You manage to make our minds refocus about what's really in front of us, maybe how crazy things are. Is it a challenge for you to keep that focus?
“[…] There's some value in being critical, but I think it can also suffocate you ultimately. So I try to find a balance between observation and critical judgment and then loosening the focus a little bit and just breathing and appreciating that there's [both] beauty and ugliness in our modern world the way it is. “
It is one of the great challenges of our time, to be able to accept a polyphonous multitude of experiences simultaneously. But is it enough? When Guy Blakeslee performed as a supporting act that night, he asked the audience if anyone was from the US and emphatically stated that they would not agree with everything that is happening there right now, undoubtedly talking about the current political leadership. Though the songs he sang were more in the realm of old school lovesongs and troubadourist nostalgia. When I asked Lael Neale, if she thinks her music has gotten more political in recent years (for example, there are hints of environmentalism: I’m heavy as plastic/In the belly Atlantic) she strays away from it, avoiding altruistic judgement:
“I feel like the environmental stuff is not political. I don't want to be political. I don't want to engage with that paradigm at all because I think it's what's ruining our world. So, to me, taking care of the land and the earth and each other is not political […]”
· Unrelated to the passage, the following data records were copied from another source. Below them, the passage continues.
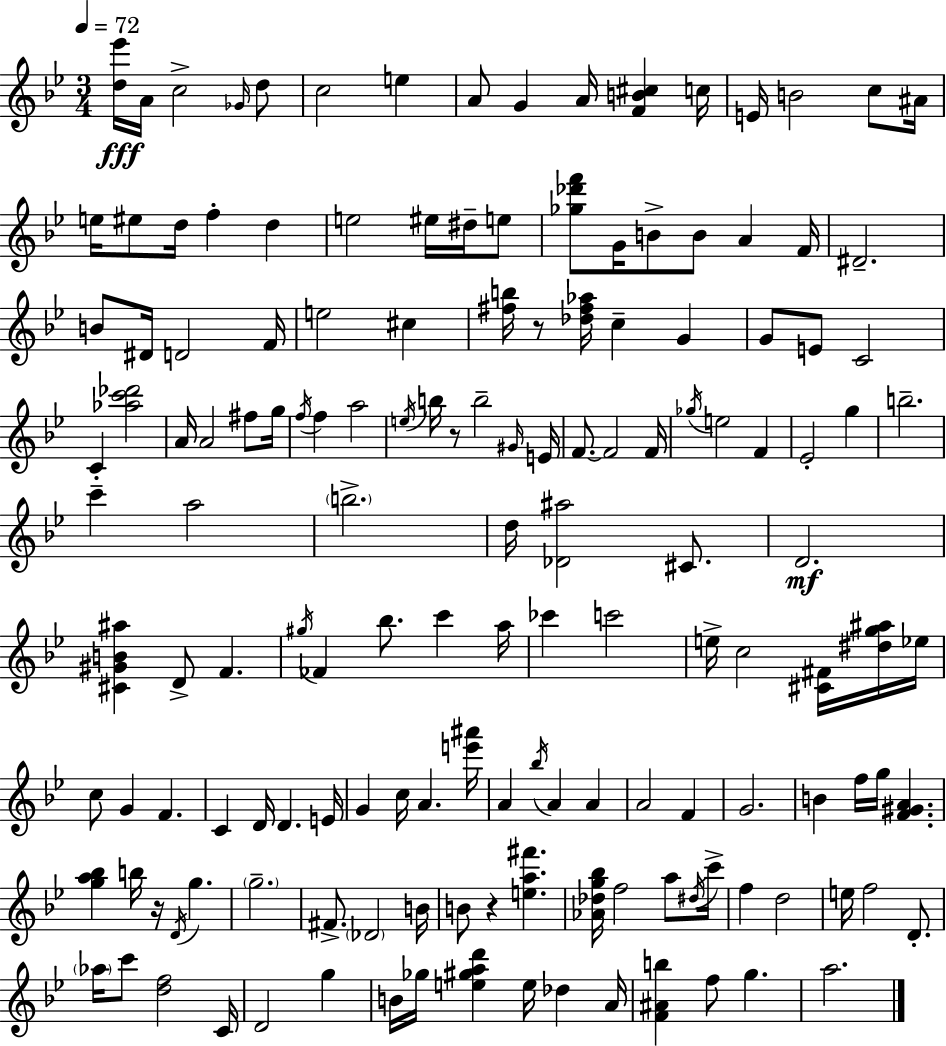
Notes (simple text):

[D5,Eb6]/s A4/s C5/h Gb4/s D5/e C5/h E5/q A4/e G4/q A4/s [F4,B4,C#5]/q C5/s E4/s B4/h C5/e A#4/s E5/s EIS5/e D5/s F5/q D5/q E5/h EIS5/s D#5/s E5/e [Gb5,Db6,F6]/e G4/s B4/e B4/e A4/q F4/s D#4/h. B4/e D#4/s D4/h F4/s E5/h C#5/q [F#5,B5]/s R/e [Db5,F#5,Ab5]/s C5/q G4/q G4/e E4/e C4/h C4/q [Ab5,C6,Db6]/h A4/s A4/h F#5/e G5/s F5/s F5/q A5/h E5/s B5/s R/e B5/h G#4/s E4/s F4/e. F4/h F4/s Gb5/s E5/h F4/q Eb4/h G5/q B5/h. C6/q A5/h B5/h. D5/s [Db4,A#5]/h C#4/e. D4/h. [C#4,G#4,B4,A#5]/q D4/e F4/q. G#5/s FES4/q Bb5/e. C6/q A5/s CES6/q C6/h E5/s C5/h [C#4,F#4]/s [D#5,G5,A#5]/s Eb5/s C5/e G4/q F4/q. C4/q D4/s D4/q. E4/s G4/q C5/s A4/q. [E6,A#6]/s A4/q Bb5/s A4/q A4/q A4/h F4/q G4/h. B4/q F5/s G5/s [F4,G#4,A4]/q. [G5,A5,Bb5]/q B5/s R/s D4/s G5/q. G5/h. F#4/e. Db4/h B4/s B4/e R/q [E5,A5,F#6]/q. [Ab4,Db5,G5,Bb5]/s F5/h A5/e D#5/s C6/s F5/q D5/h E5/s F5/h D4/e. Ab5/s C6/e [D5,F5]/h C4/s D4/h G5/q B4/s Gb5/s [E5,G#5,A5,D6]/q E5/s Db5/q A4/s [F4,A#4,B5]/q F5/e G5/q. A5/h.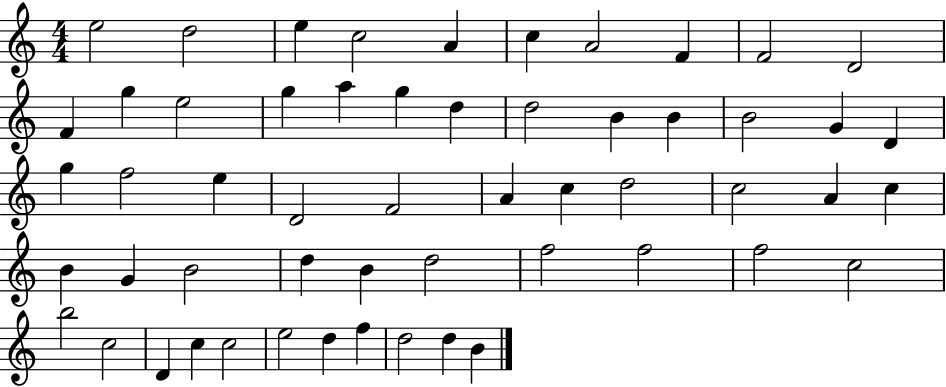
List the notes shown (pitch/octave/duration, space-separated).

E5/h D5/h E5/q C5/h A4/q C5/q A4/h F4/q F4/h D4/h F4/q G5/q E5/h G5/q A5/q G5/q D5/q D5/h B4/q B4/q B4/h G4/q D4/q G5/q F5/h E5/q D4/h F4/h A4/q C5/q D5/h C5/h A4/q C5/q B4/q G4/q B4/h D5/q B4/q D5/h F5/h F5/h F5/h C5/h B5/h C5/h D4/q C5/q C5/h E5/h D5/q F5/q D5/h D5/q B4/q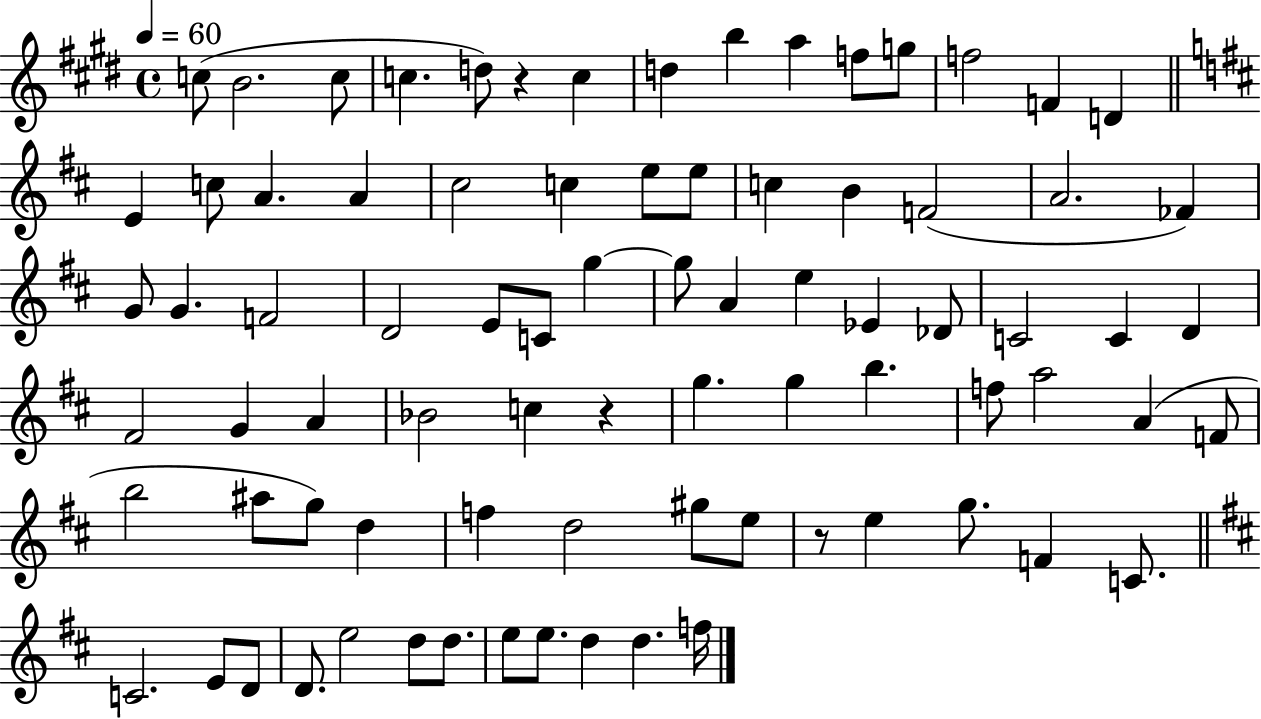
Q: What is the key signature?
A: E major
We are all children of our times and have been socialized by our circumstances. It may be hard for a European (let alone Swiss person) to fully sympathize with this wish, to not take part in something so banal as a political discourse. But as the political system in the US is dominated by two major parties and the algorithms are running on rage, scandal and cloud-based opulence, Lael Neale’s music gives us room to breathe. But the question begs again, is it enough? Is Listening the penultimate frontier, to preserve us from mutual destruction?
If alienation is the price we pay for ‘modernity’ we may all be lost souls, playing catch up to the rhythms of globalization (and evidently, capitalism). But if we are crazy, we are at least sane enough to realize it. In several moments, the songs of Altogether Stranger reign high above the mundane, like sacral paintings, to be put on the walls of a museum currently in flames. In such a scenario, I ask her, if we have time to ponder the serene beauty, when the whole room is about to be turned to ashes? In a wry response, she calls to another shift of perspective:
“Yeah, I think museums are over. Like, paint on the walls of the old buildings or something. The museums are… yeah, maybe they should be burned”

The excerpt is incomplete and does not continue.